At night, his conscience worked on him, relaxing him to doze off. In one dream, he was on a train within minutes of a Finland Station though he had never been to Finland. He was the main attraction when the train arrived with every eye upon him. He went out to stand on the caboose platform to wave. The station itself was gray and pink stucco held up by slim columns that branched where they met the roof. His last thought before awakening was that the station did not suit him well.
“This could be you,” he heard a female voice within him say, as he stood and shuttered peeing in the pot provided. He could quickly seize control of events, too, a wakeful voice said. “You could become a mench,” a third voice whispered as he returned to sit on the cot and contemplate his dream. Then, the penny dropped: he realized what he had dreamed: He was Vladimir Ilyich Ulyanov, Lenin, steaming into St. Petersburg after an eight day trip from Zurich to start the socialist revolution.                              
“Rudolph, I had the strangest dream a few nights ago,” said Adolph during his confidant’s next visit to prison. “I know how to convert the German volk to socialism without simply killing off the old individualism, the entrepreneurial and managerial classes left from Weimar liberalism.”
“The community of the volk, Herr Hitler?” asked Rudolph detecting a shift in Adolf’s philosophy.
“They should be used, not destroyed. The state could control without owning, guided by a single party, but could the economy be planned and directed without dispossessing the propertied classes.”
“Yes, I see your point. There cannot be socialism without a civil war.”
“Did I say that?” questioned Adolph.
“It sounded like that was what you meant,” retorted Rudolph looking askew.
“We cannot find and travel the road from individualism to socialism without revolution; that is what the dream told me.”
“Your dream, Herr Hitler?”
“I understand Lenin now,” Adolph went on, pacing the cell, hands clasped behind his back. “Marx and Lenin had the right goal, but had chosen the wrong route.”
“Instead of destroying the bourgeois and the kulak, they must use it and let it destroy itself as the workers bore from within, fire their bosses, and share the profits.”
“That is a marvelous idea, Herr Hitler.” Rudolph wrote down every word Adolph said on a pad. It would become Mein Kampf the way Rosa Luxemburg would have had it.
“Why the Jews aren’t Germany’s enemy at all! Their social awareness will help all volk realize our ideals. Bourgeois Jewish businessmen and women aside-“
“Let’s not forget the rising of the women!” interrupted Rudolph. 
“Of course not! All volk, men and women, will be appreciated by the rising proletariat so long as they are not blood-suckers,” said Adolf struck with the realization of what he was saying, yet dubious of it coming from his own mouth.

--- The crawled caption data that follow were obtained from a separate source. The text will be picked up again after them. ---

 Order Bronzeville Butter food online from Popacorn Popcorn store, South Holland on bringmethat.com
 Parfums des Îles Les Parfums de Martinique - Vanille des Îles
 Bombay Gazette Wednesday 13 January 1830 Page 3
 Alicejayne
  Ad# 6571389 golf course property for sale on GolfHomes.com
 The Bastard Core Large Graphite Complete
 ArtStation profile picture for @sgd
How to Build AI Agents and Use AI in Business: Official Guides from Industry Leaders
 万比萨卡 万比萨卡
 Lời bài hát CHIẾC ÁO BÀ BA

“But aren’t the Jews scum, Herr Hess?”
“Indeed not, Herr Hitler; they are part of the German fabric!” confirmed Rudolph himself perplexed by the contradiction Hitler expounded.
“Yes, I see,” replied Adolph, stopping in his tracks, looking as if he had bitten his tongue.

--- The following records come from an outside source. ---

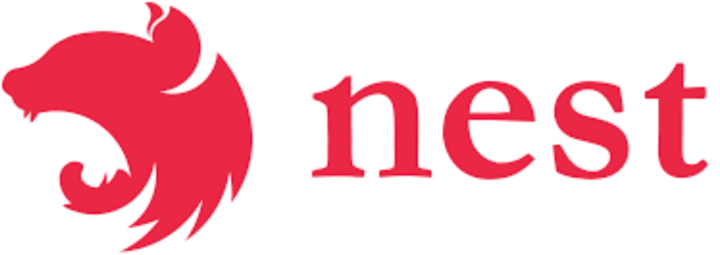 nest js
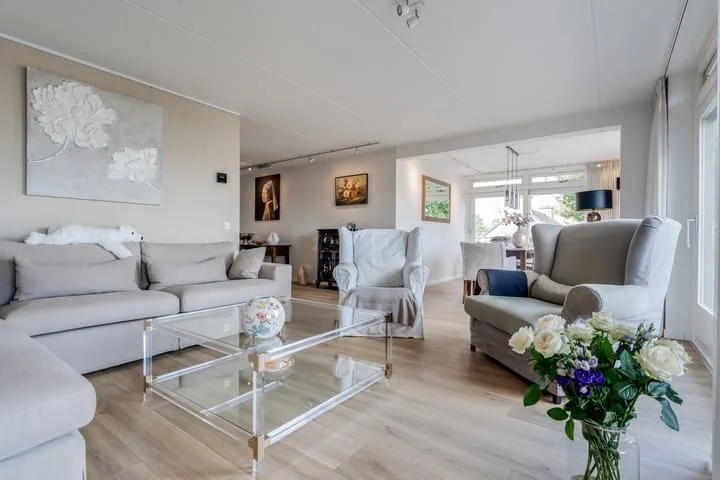 Lijsterbesstraat 72 Roden thumbnail 9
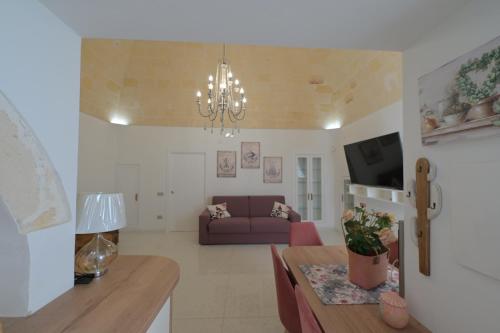 Appartamento Nonna Pina – Photos 2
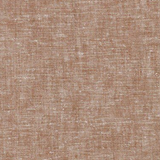 Brussels Washer Yarn Dyed Chestnut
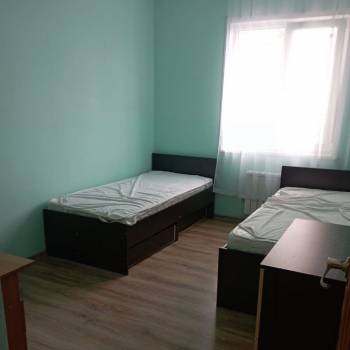 Продается Многокомнатная квартира, 108 м²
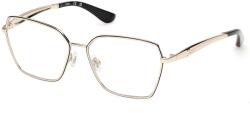 GUESS GU50384 005 (GU50384 005)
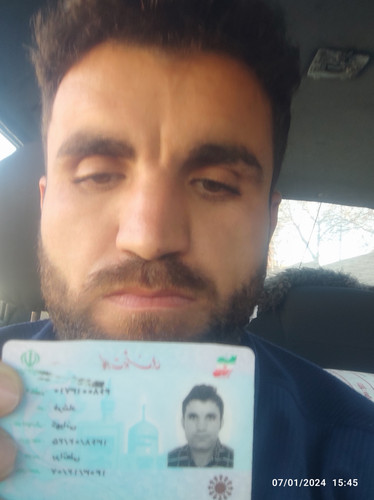 img ۲۰۲۴۰۱۰۷ ۱۵۴۵۲۴ 4081361327913944300.jpg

 In their heads, the dopamine was gushing through their brains like beer in a rathskeller, but like drunks in a midnight choir, when they awoke the next morning, they wondered what they had been thinking the night before.

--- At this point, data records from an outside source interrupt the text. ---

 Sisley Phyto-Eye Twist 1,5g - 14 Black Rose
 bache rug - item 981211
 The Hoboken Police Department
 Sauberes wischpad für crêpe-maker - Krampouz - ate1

      It was easier for the time traveler to sway Adolph in his prison confinement, isolated as he was from his followers, but Rudolph brought dissonance in with him. It was one step back for every two steps forward when they conversed and Mein Kampf was regularly edited from what Adolf thought he meant and what he really said. As Rudolph drew him back to fascist anti-Semitic ideals, the progressive influences in their consciousnesses usually prevailed.

Sunday, May 21, 2017

Excerpt: Decadence in Weimar Germany

Note: taIWWan will be sharing excerpts from David Barry Temple's sci-fi novel, A Western Metempsychosis, about time travelers who go back in history to rescue the human race from fascists, imperialists, and capitalists. 
In this scene, the time travelers have just been re-joined by Earl in the body of a German Lieutenant. His mission is to transmigrate into Hitler and re-write history. Imagine if the communists won the revolution in Germany instead of the capitalists capitulating to fascism, just as Clinton's Democrats did to Sanders which resulted in Trump?  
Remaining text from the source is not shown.